I’m sure that a large majority of the success of China’s togetherness was due to the unification of the written language. The characters that make up Mandarin in all of it’s dialects, and even Cantonese, are the same despite how they are pronounced, which allows individuals to communicate through paper, if not face to face. I don’t care who you are: that’s pretty impressive in and of itself.
But what I find so interesting, is that a country with such diversity in culture, language, and even lifestyle, that shares only the tiniest commonality in a written code, has such an intense history of exclusion. I’m not saying that history itself isn’t brutal. China is in no way an outlier in comparison to others, but have you seen the massive wall they built?
I was pondering this idea of inclusion and exclusion, conquerers and the conquered, while being jostled around in the very back of a taxi, headed to hike the massive Great Wall itself. Which more or less means I was trying not to think about the insane driver, the lack of seat belts, or adequate seats, and whether I should include publish that fact or not. (I’m alive Mom! Breathe!) Insanity aside, the Wall itself is intimidating even from a half-hour’s drive away.

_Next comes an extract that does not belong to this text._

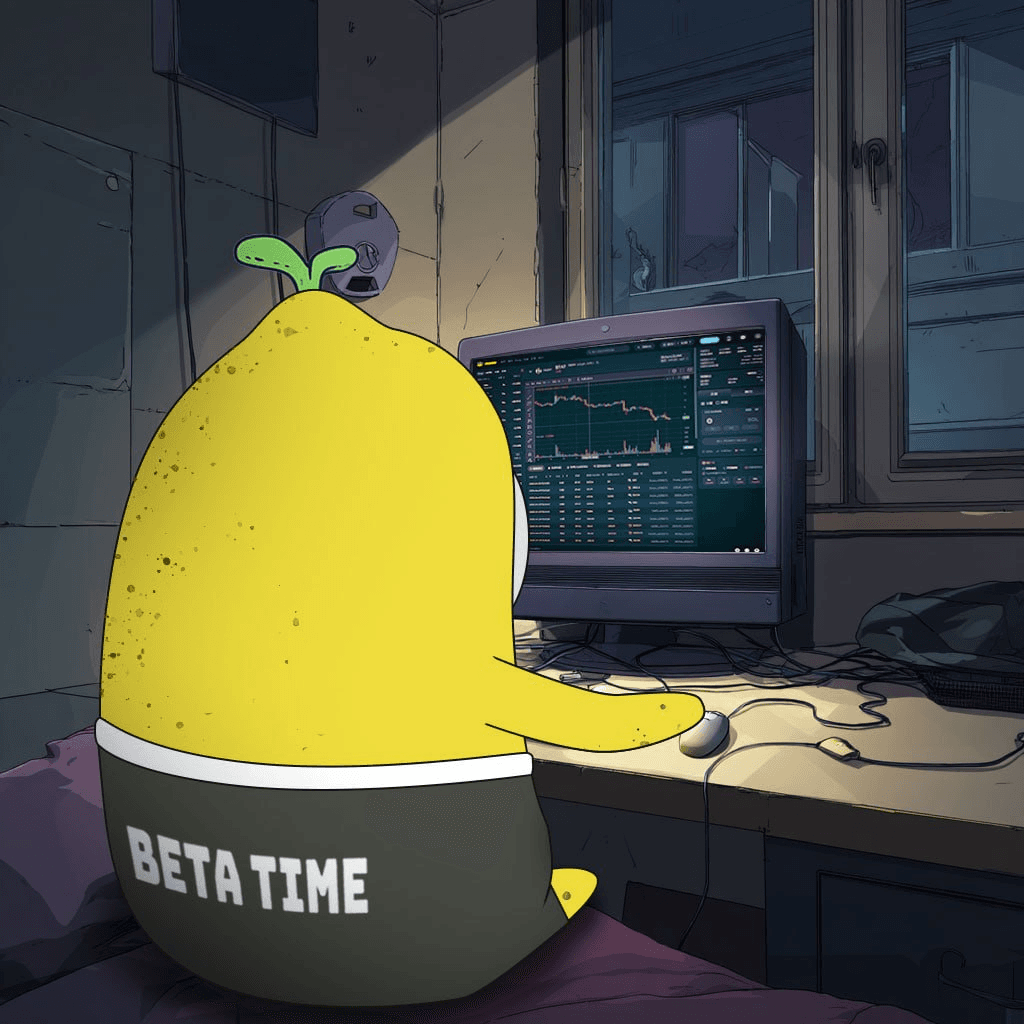 marshallog/15124/6321282083015737061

What’s even more interesting to me is the fact I was riding with a carefree Canadian traveler, 2 American friends I dragged along with me, and three girls dubbed “The Polish Crew” who all hailed from different countries but somehow shared a similar heritage and language. Between the 8 of us in the car, a grand total of 8 languages were known. (And only 2 could speak fluent Mandarin.) Isn’t it funny how diverse of a group we were, headed to a monument that separated one people from another?
The Great Wall
After quite a few communication hiccups, and some serious shmoozing from a member of the Polish crew, we were finally granted access to a section of the Great Wall. (Hey y’all: did you know there are capacity limits to access a wall? Yeah, I didn’t either. Make sure you do some research in advance. Or else you might also be batting your eyelashes to try and make your way into a group queue, too!)
I’ll say this: It’s just as impressive as it looks. 10/10, I would not attack China from one side of this wall. Then again, I’m more of a pacifist than a Mongol Warrior fighting against the Jin dynasty. Glad that’s settled. Oh, and I’m sorry to break it to you, Mr. Trump, but even this wall crumbled.
While I personally wouldn’t mess with the Chinese, I was among company that would. That carefree Canadian guy I mentioned earlier? His name is Jay. Jay, despite seeing numerous “do not camp here overnight” signs, chose to camp here overnight. The good news is, Jay is still alive. The bad news is, we haven’t heard from him since.
Nah, I’m just joking. We did leave Jay hiding in the bushes though. According to his wild tales, he stayed there until after dark, and when he thought all the tourists had left for the day, he attempted to camp out at the wall. When the sun fell behind the skyline, and the floodlights drowned the entire wall in light, however, he was in a conundrum. That, and the constant swish-swish of the guard’s uniform as they walked past. When Jordan thought they finally left for the evening, he withdrew from the bushes: right into the eyes of an astonished-looking guard.
Jay, made it out alive and not imprisoned. I wish I had a bit of that Canadian luck. Although, he accredited a lot of his good fortune to humming the same tune as the guard as they descended the wall together. I suppose, you could say, that they spoke the same language.